DjVu File Handling on the macOS Command Line with DjVuLibre
About DjVu
DjVu is a web-centric format and software platform for distributing documents and images. DjVu can advantageously replace PDF, PS, TIFF, JPEG, and GIF for distributing scanned documents, digital documents, or high-resolution pictures. DjVu content downloads faster, displays and renders faster, looks nicer on a screen, and consume less client resources than competing formats.
DjVuLibre
DjVuLibre is a popular open-source library and set of tools for working with DjVu files. It provides command-line utilities that allow you to perform various operations on DjVu files.

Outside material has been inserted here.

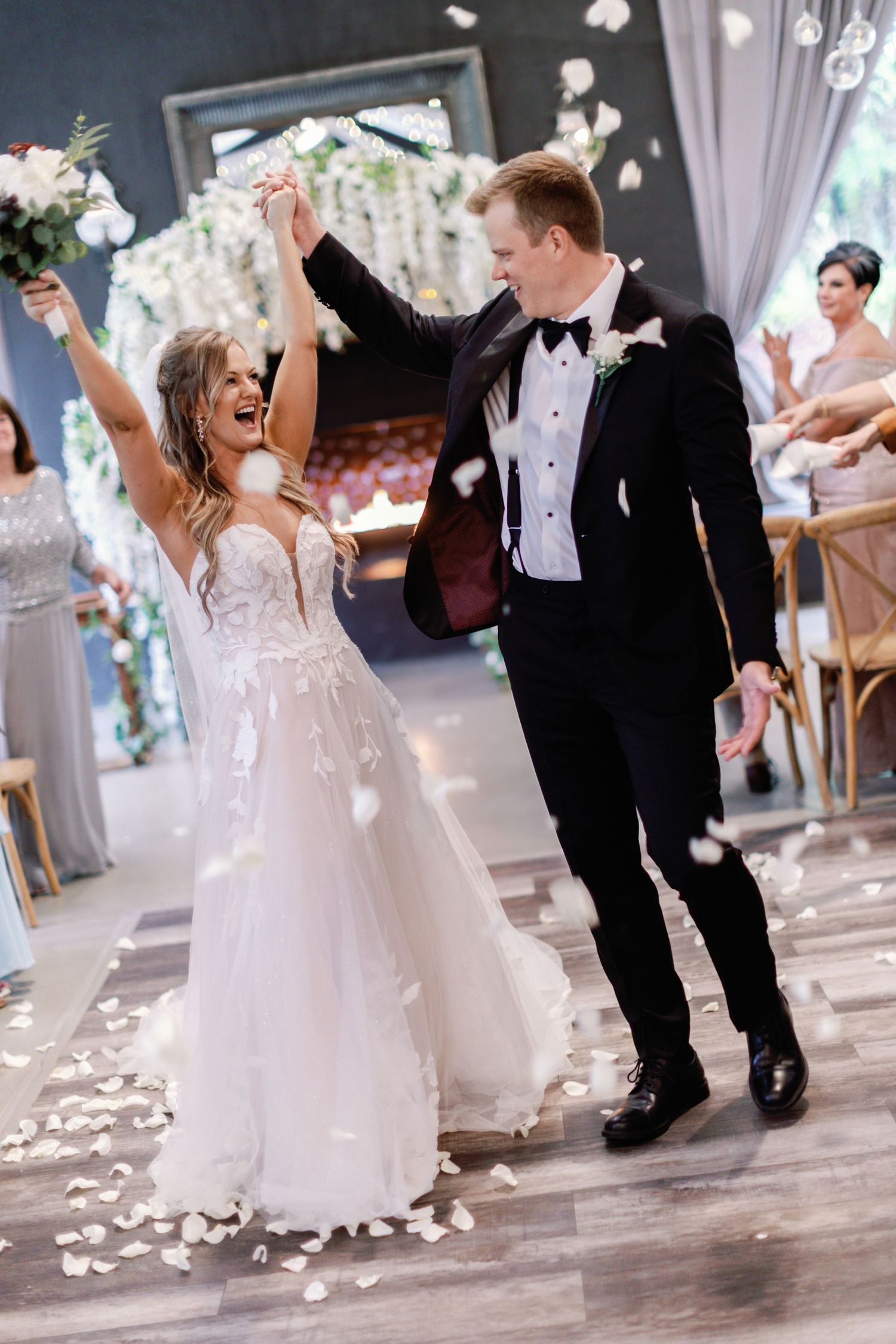 Newlyweds dance joyfully while white flower petals fall around them on their wedding day.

The DjVuLibre documentation is at times hard to follow, here is an overview of the commands I use most.
Install djvulibre on mac
Prerequisites: we will install djvulibre with the package manager homebrew.
- Open Terminal.
- Run `brew install djvulibre`
Structure and metadata with djvudump
This command displays information about the structure and metadata of a DjVu file.
`djvudump <input.djvu>`
For example, if you have a DjVu file called “document.djvu” and you want the structure and metadata, the command would look like this:
djvudump document.djvu
You can drag and drop the file into the Terminal to add the correct document path.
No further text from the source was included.